Skeletal Muscle Deoxygenation Following the Onset of Moderate Exercise Suggests Slowed Microvascular Blood Flow Kinetics in Type 2 Diabetes

  1. Timothy A. Bauer, PhD1,,2,,6,
  2. Jane E.B. Reusch, M.D.2,,5,,6,
  3. Moshe Levi, M.D.3,,6 and
  4. Judith G. Regensteiner, PhD1,,4,,5
  1. 1Division of Cardiology, University of Colorado at Denver and Health Sciences Center, Denver, Colorado 80262;
  2. 2Division of Endocrinology, University of Colorado at Denver and Health Sciences Center, Denver, Colorado 80262;
  3. 3Division of Renal Disease, University of Colorado at Denver and Health Sciences Center, Denver, Colorado 80262;
  4. 4Division of General Internal Medicine, University of Colorado at Denver and Health Sciences Center, Denver, Colorado 80262;
  5. 5Center for Women's Health Research, Denver, Colorado;
  6. 6Denver VA Medical Center, Denver, Colorado

    Abstract

    Objective: People with type 2 diabetes (T2DM) have impaired exercise responses even in the absence of cardiovascular complications. One key factor associated with the exercise intolerance is abnormally slowed oxygen uptake (V̇O2) kinetics during submaximal exercise. The mechanisms of this delayed adaptation during exercise are unclear but likely relate to impairments in skeletal muscle blood flow.
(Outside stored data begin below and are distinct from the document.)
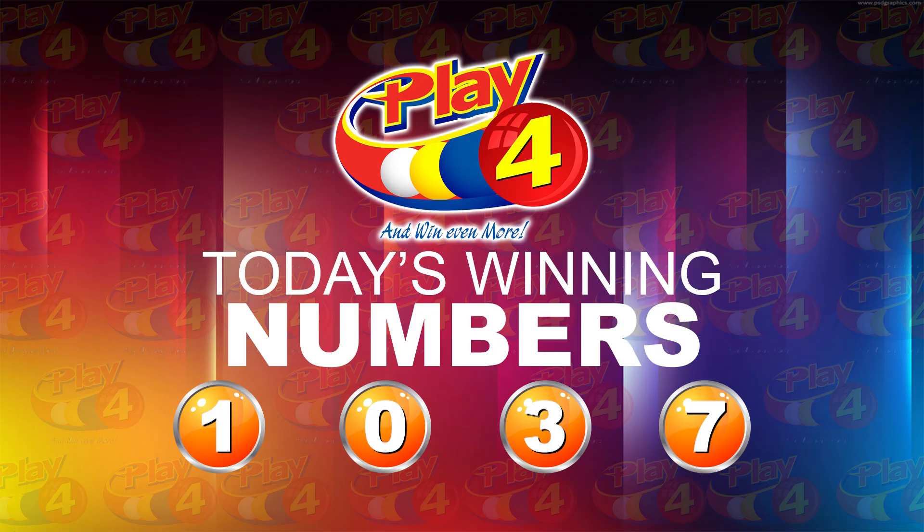The Play 4 winning number is 1, 0, 3, 7. I'd like to thank you for playing Play 4. Remember, with Play 4 you can win even more. Good luck. Good afternoon.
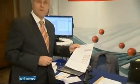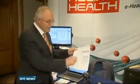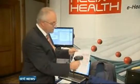It's not in use here yet, but this is an electronic prescription. It's what your doctor might give you in future following a surgery visit. The medication details are contained in the barcode, and it will eliminate medication errors at the pharmacy due to bad writing.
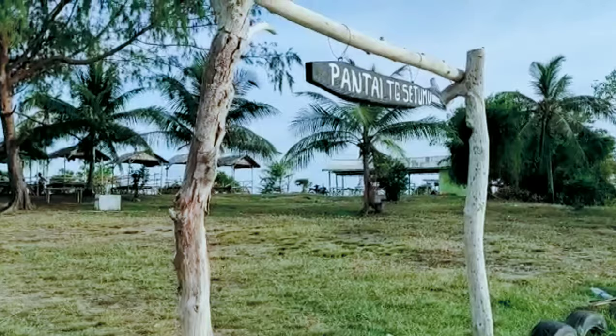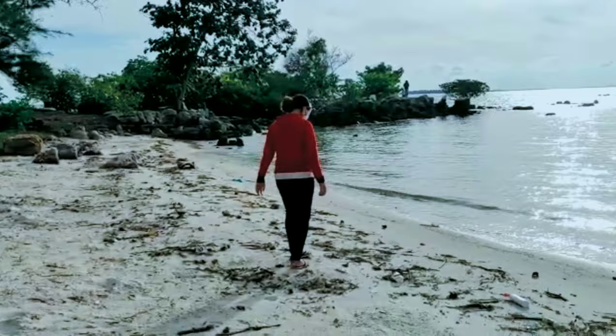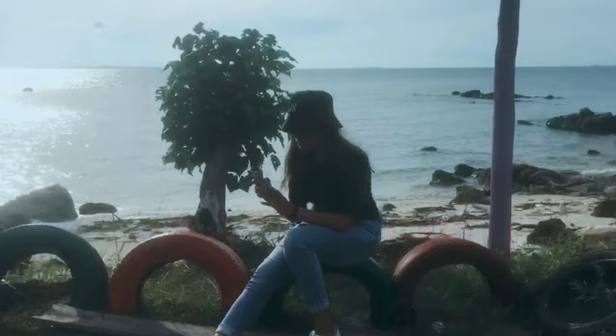Kita akan menjelajahi seluruh pantai ini. Yang pertama, kita bakal menuju ke suatu tempat yang selalu kalian cari setiap datang ke tempat wisata — apalagi kalau bukan spot fotonya. Kalian gak usah khawatir, banyak banget spot foto yang cantik di sini. Yang pertama, kalian bisa ambil foto dengan pemandangan laut yang sangat cantik. Apalagi kalau kalian datang di sore hari, keindahan sunset akan menambah keestetikan hasil foto kalian.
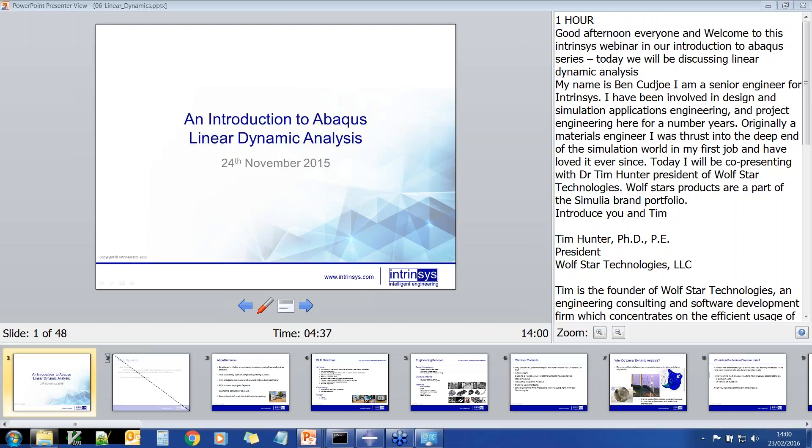Good afternoon, everyone. Welcome to this Intrinsys webinar in our introduction to Abacus series. Today we'll be discussing linear dynamics analysis.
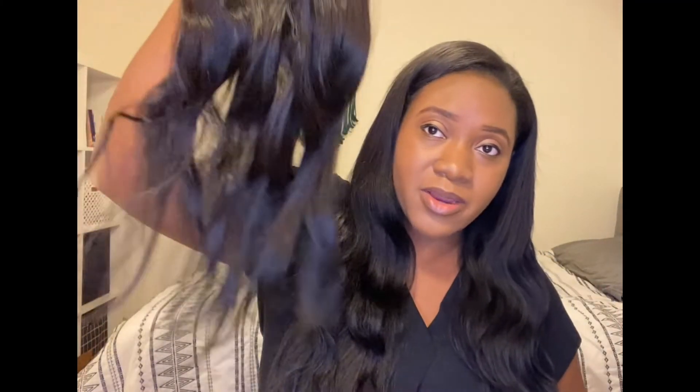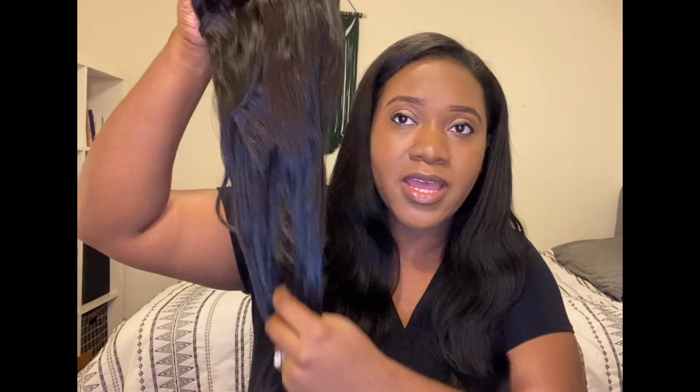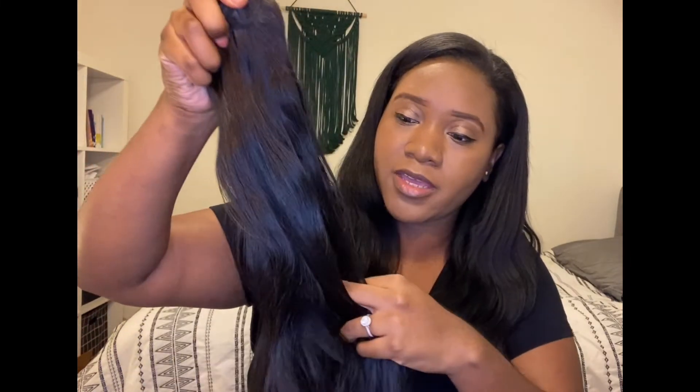Would I recommend Yummy Hair? 100%. I would say buy it on sale so you can save some money. Again, I bought three and a half bundles and I still got all this hair left. This hair is raw Cambodian natural wave — it's their most affordable hair. And this is a five to six week review after having it installed for that long.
The study was conducted to compare skeletal muscle deoxygenation ([HHb]) responses and estimated microvascular blood flow (Qm) kinetics in T2DM and healthy subjects following the onset of moderate exercise.

    Research design and Methods: Pulmonary V̇O2 kinetics and [HHb] (using near infrared spectroscopy) were measured in 11 T2DM and 11 healthy subjects during exercise transitions from unloaded to moderate cycling exercise. Qm responses were calculated using V̇O2 kinetics and [HHb] responses via rearrangement of the Fick principle.

    Research design and Methods: Results: V̇O2 kinetics were slowed in T2DM compared with controls (43.8±9.6s vs. 34.2±8.2s, P<0.05), and the initial [HHb] response following the onset of exercise exceeded the steady state level of oxygen extraction in T2DM compared with controls. Mean response time of estimated Qm increase was prolonged in T2DM compared with healthy subjects (47.7±14.3s vs. 35.8±10.7s, P<0.05).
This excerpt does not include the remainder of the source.